## THE TASK
Although the data below holds other lines too, output only those from the line with "British Army Footguard's" up to and including the line with "ATO CrossFit", exactly as they appear.

## GIVEN RECORDS

"""

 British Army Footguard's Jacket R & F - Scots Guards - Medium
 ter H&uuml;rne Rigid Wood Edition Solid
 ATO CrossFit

"""
"""

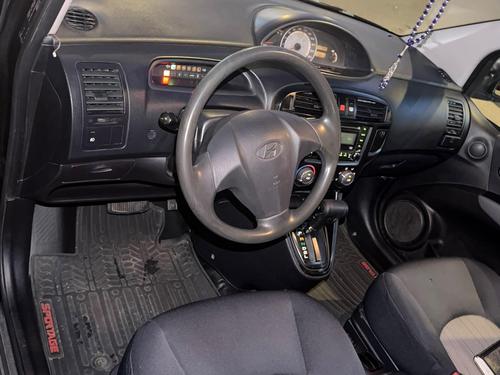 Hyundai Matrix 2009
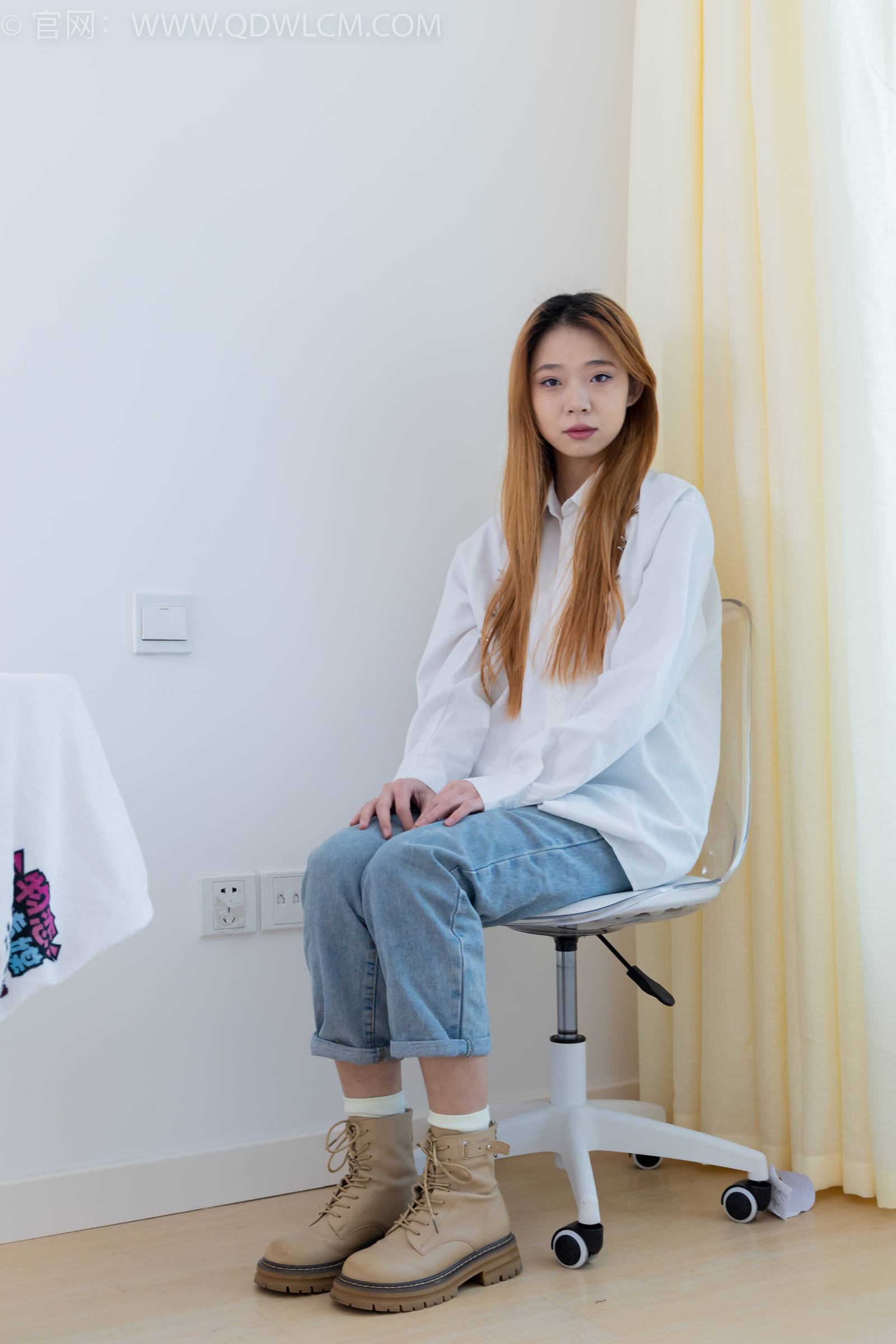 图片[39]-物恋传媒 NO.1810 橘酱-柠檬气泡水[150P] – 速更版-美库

"""
"""

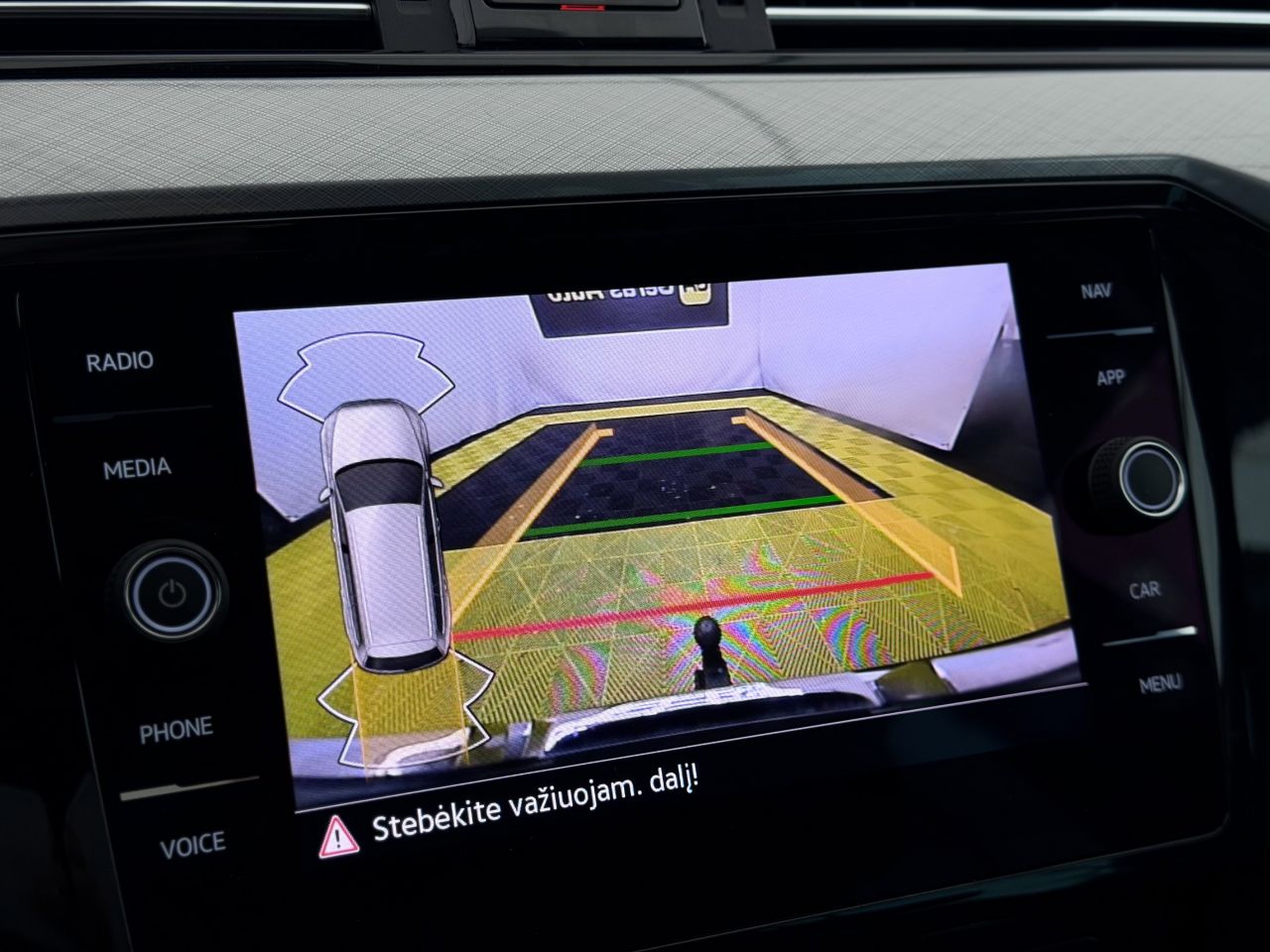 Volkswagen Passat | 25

"""

## OUTPUT FOR THIS EXERCISE
 British Army Footguard's Jacket R & F - Scots Guards - Medium
 ter H&uuml;rne Rigid Wood Edition Solid
 ATO CrossFit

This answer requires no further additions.